Derivational OT (Rubach 1997, 2011, 2016) is a version of Stratal OT (Kiparsky 1997, 2000, 2015; Bermúdez-Otero 1999, 2007, 2018). It is different from Stratal OT in one respect only: the assumption is that the grammar by default has four levels or strata. Stratal OT recognizes three levels/strata: the stem level, the word level and the postlexical level. Derivational OT adds a fourth level: the clitic level that is placed between the word level and the postlexical level.

The stem level encompasses the root and level 1 affixes. The word level enlarges the domain of analysis by adding level 2 affixes to the structures derived at the stem level. The determination which affixes are level 1 and which are level 2 is a language-specific matter.
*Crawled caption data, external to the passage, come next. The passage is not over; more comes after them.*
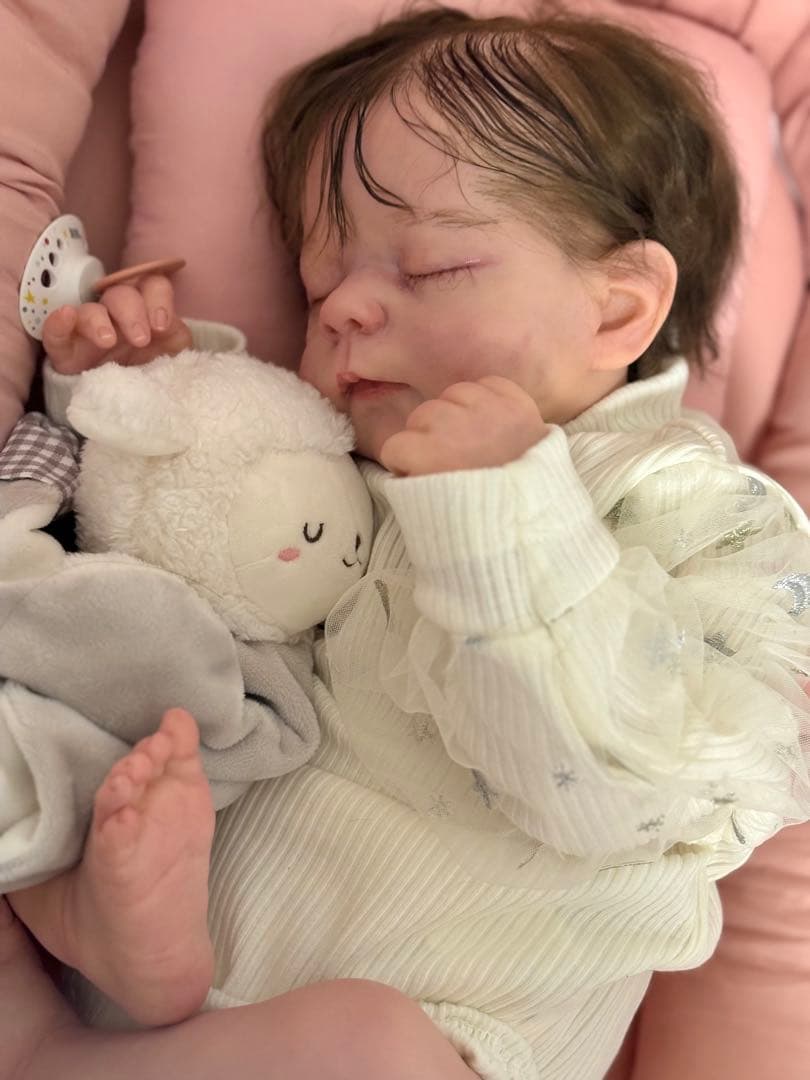 リボーンドール★Erica★246/1550限定 正規品、証明書付き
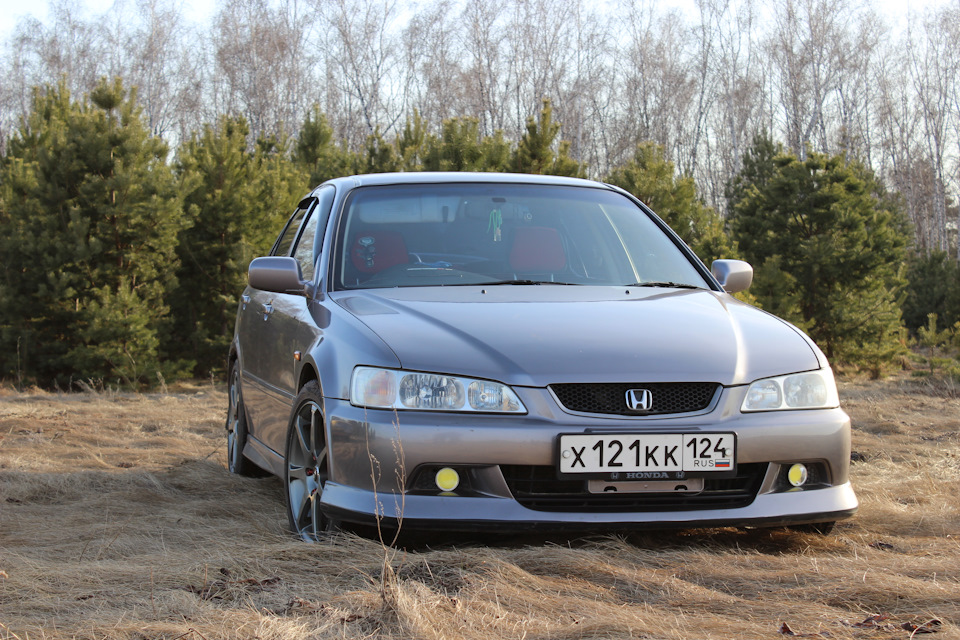 Honda accord 6 картинки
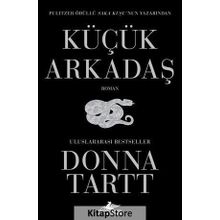 Küçük Arkadaş - Donna Tartt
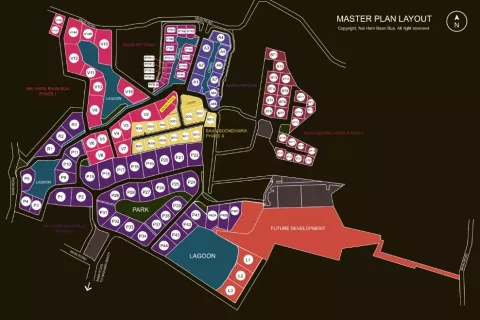 Villa in Phuket, Thailand 3 bedrooms № 124063 - photo 21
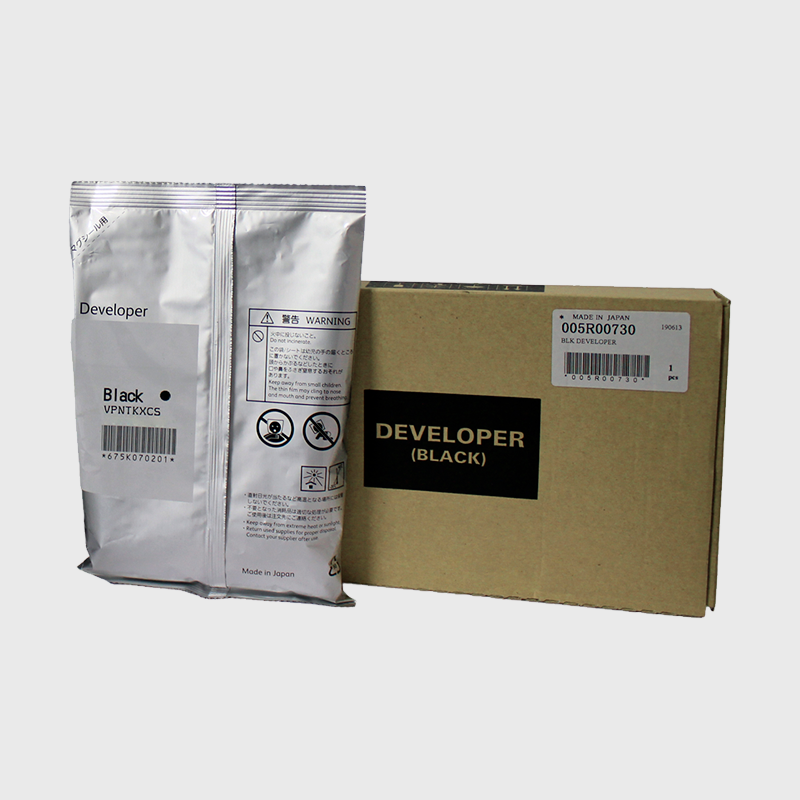 ef494162595b92438ea87ae55d8c927d.png Девелопер (Носитель) Xerox Color C60/C70, 550/560 Black (005R00730) — изображение 1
Similarly, languages may differ in their understanding of what constitutes a clitic structure. For example, Rubach (2016) argues that prefixes in Polish have the status of clitics,Footnote 8 hence prefix plus word structures are analyzed at level 3. The postlexical level, level 4, covers the domain of the utterance, analyzing processes that apply across word boundaries. The input to level 1 is the underlying representation, the input to level 2 is the optimal output from level 1, the input to level 3 is the winner from level 2, and the winner from level 3 is the input to level 4. In effect then, the architecture of Derivational OT is cyclic because the derivation proceeds from smaller domains to progressively larger domains: stem → word → clitic phrase → utterance. There is an obvious and actually intended similarity between Derivational OT and Lexical Phonology (Kiparsky 1982; Booij and Rubach 1987). Like in Lexical Phonology, at each cycle constraints can look at the structure derived in the previous cycle. However, unlike in Lexical Phonology, there is no prohibition to change the representations derived in an earlier cycle. Constraints are the same at all levels but their ranking may be different. The principle of reranking minimalism (Rubach 2000b) makes sure that reranking of the constraints occurs only if required by compelling analytical need. In sum, the grammar is understood as a system of four levels that are connected serially. Each level constitutes an OT ‘miniphonology,’ which means that it has its own inputs and constraint ranking. The Standard OT’s principle of strict parallelism (simultaneous evaluation, no derivational steps) holds inside a level but not across levels since, as just explained, levels are ordered serially.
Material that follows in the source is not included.